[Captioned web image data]
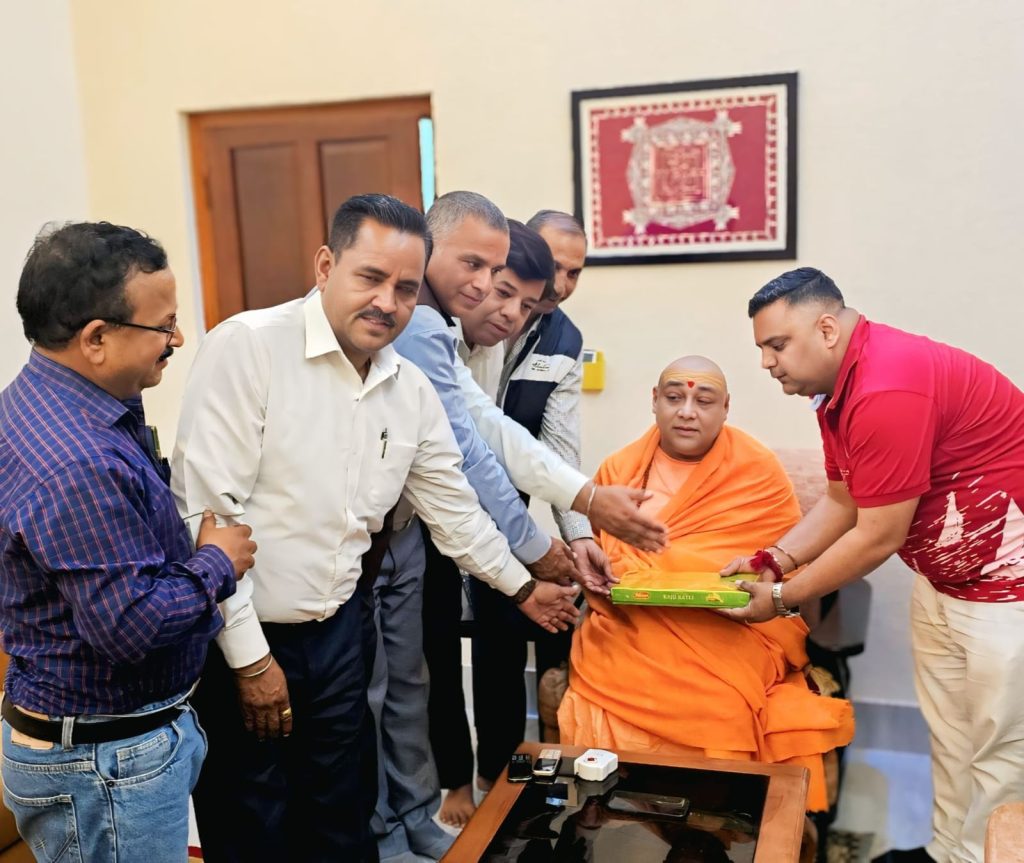 उत्तराखंड पत्रकार यूनियन के प्रतिनिधिमंडल ने जगतगुरु शंकराचार्य से लिया आशीर्वाद, SSP हरिद्वार परमेन्द्र सिंह डोबाल से की शिष्टाचार भेंट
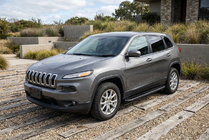 Jeep Cherokee KL 2013– Bosphore Black zijtreden (2 stuks, aluminium) foto 1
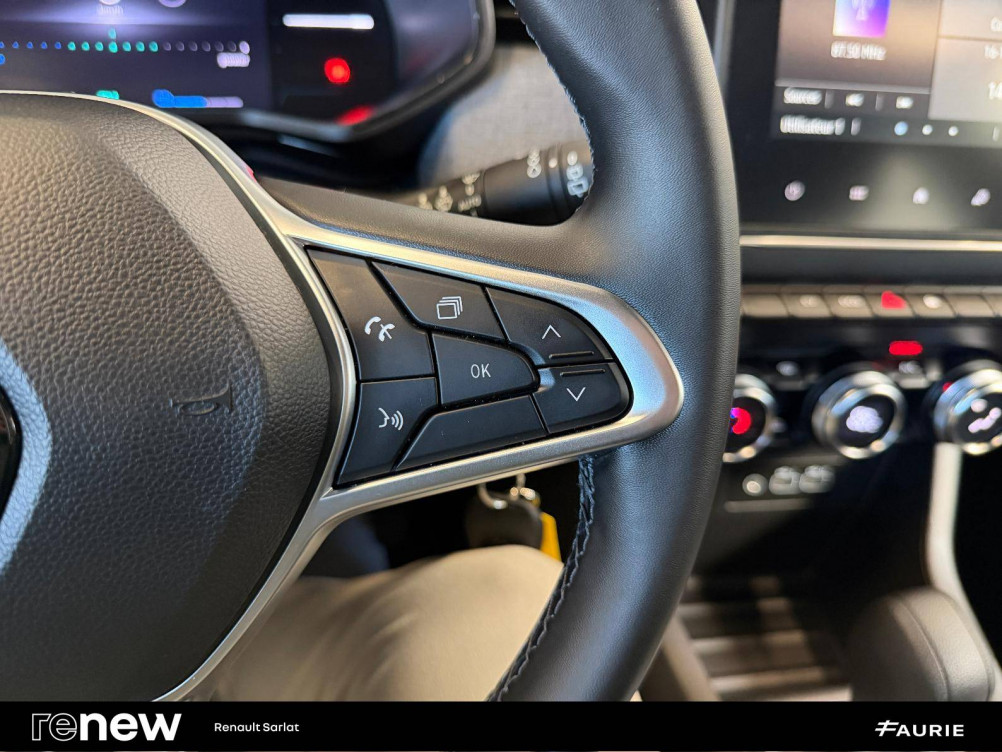 Acheter Renault Clio 5 Clio E-Tech full hybrid 145 Evolution 5p occasion dans les concessions du Groupe Faurie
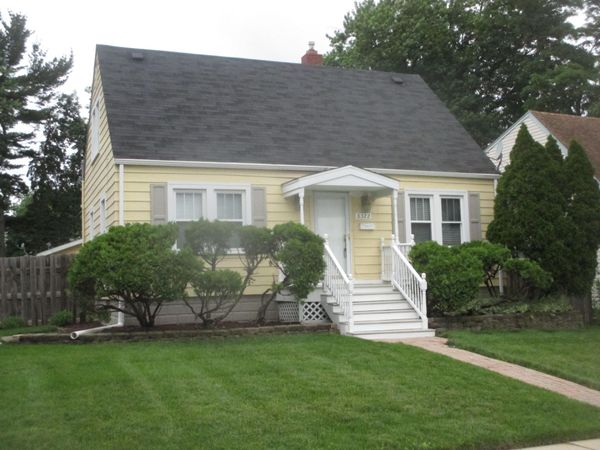 8322 White Oak Avenue , Munster, IN 46321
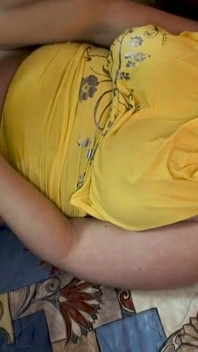 Hotwife gangbang dan fisting di hotel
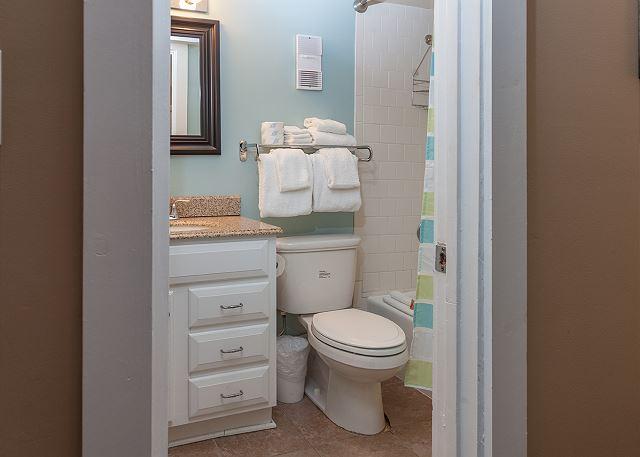 HOLIDAY SURF & RACQUET CLUB - Residential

**Prompt:** The result should be an exact copy of every entry above, with no pictures included.

**Result of the task:**
 उत्तराखंड पत्रकार यूनियन के प्रतिनिधिमंडल ने जगतगुरु शंकराचार्य से लिया आशीर्वाद, SSP हरिद्वार परमेन्द्र सिंह डोबाल से की शिष्टाचार भेंट
 Jeep Cherokee KL 2013– Bosphore Black zijtreden (2 stuks, aluminium) foto 1
 Acheter Renault Clio 5 Clio E-Tech full hybrid 145 Evolution 5p occasion dans les concessions du Groupe Faurie
 8322 White Oak Avenue , Munster, IN 46321
 Hotwife gangbang dan fisting di hotel
 HOLIDAY SURF & RACQUET CLUB - Residential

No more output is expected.